+++ Exercise materials

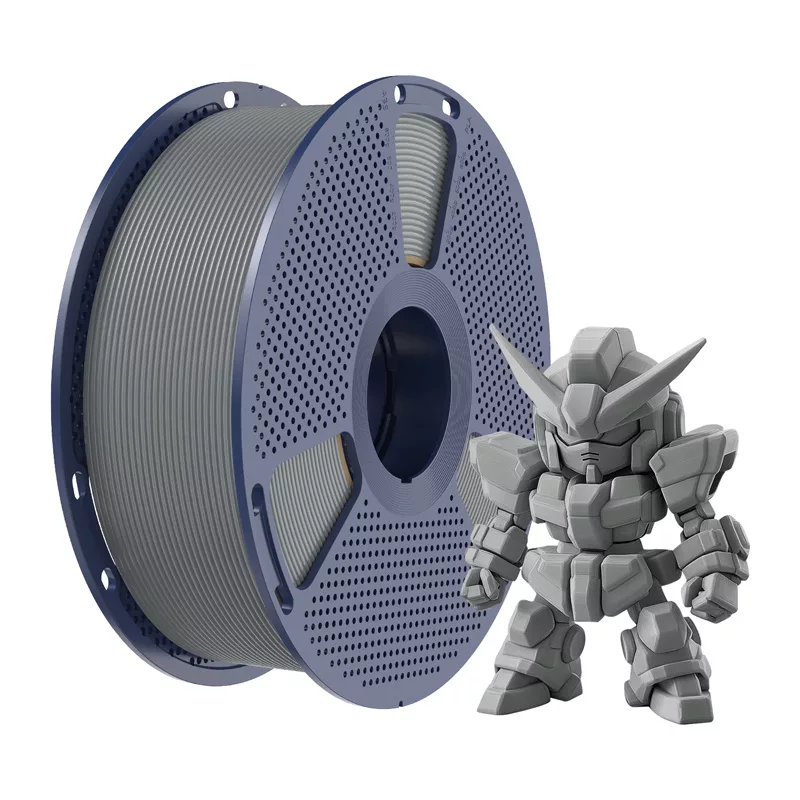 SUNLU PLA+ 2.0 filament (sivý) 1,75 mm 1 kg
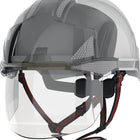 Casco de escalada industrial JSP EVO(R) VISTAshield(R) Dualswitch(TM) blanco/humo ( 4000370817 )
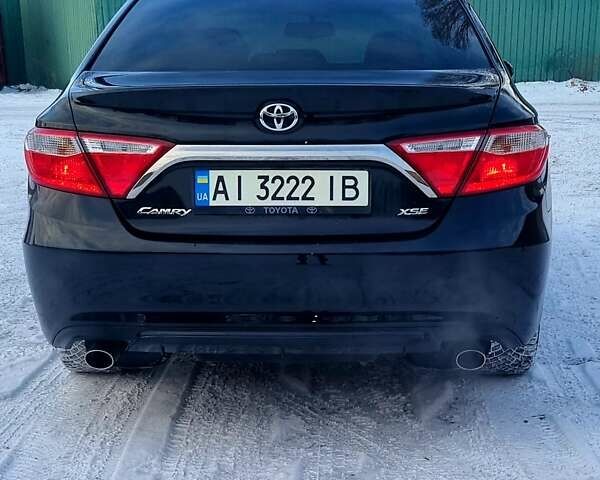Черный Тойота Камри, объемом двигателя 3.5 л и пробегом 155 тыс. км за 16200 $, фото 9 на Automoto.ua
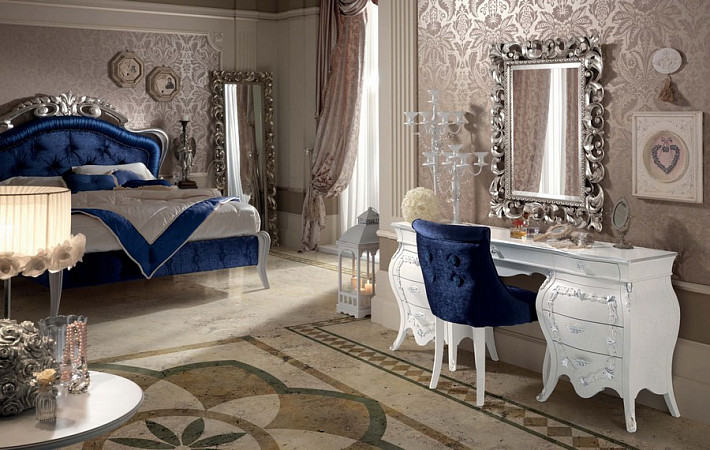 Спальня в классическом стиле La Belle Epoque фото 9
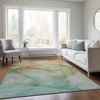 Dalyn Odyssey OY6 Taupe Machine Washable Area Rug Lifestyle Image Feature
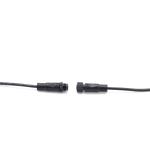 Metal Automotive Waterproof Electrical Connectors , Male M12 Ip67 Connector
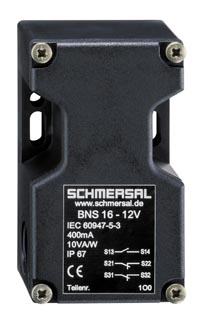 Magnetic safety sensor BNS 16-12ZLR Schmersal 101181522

++++++

Problem ->
What is needed is an exact repeat of only the lines from the one containing "Черный Тойота Камри, объемом" through the last line of the listing above, both ends included, without the pictures.

Exercise output ->
Черный Тойота Камри, объемом двигателя 3.5 л и пробегом 155 тыс. км за 16200 $, фото 9 на Automoto.ua
 Спальня в классическом стиле La Belle Epoque фото 9
 Dalyn Odyssey OY6 Taupe Machine Washable Area Rug Lifestyle Image Feature
 Metal Automotive Waterproof Electrical Connectors , Male M12 Ip67 Connector
 Magnetic safety sensor BNS 16-12ZLR Schmersal 101181522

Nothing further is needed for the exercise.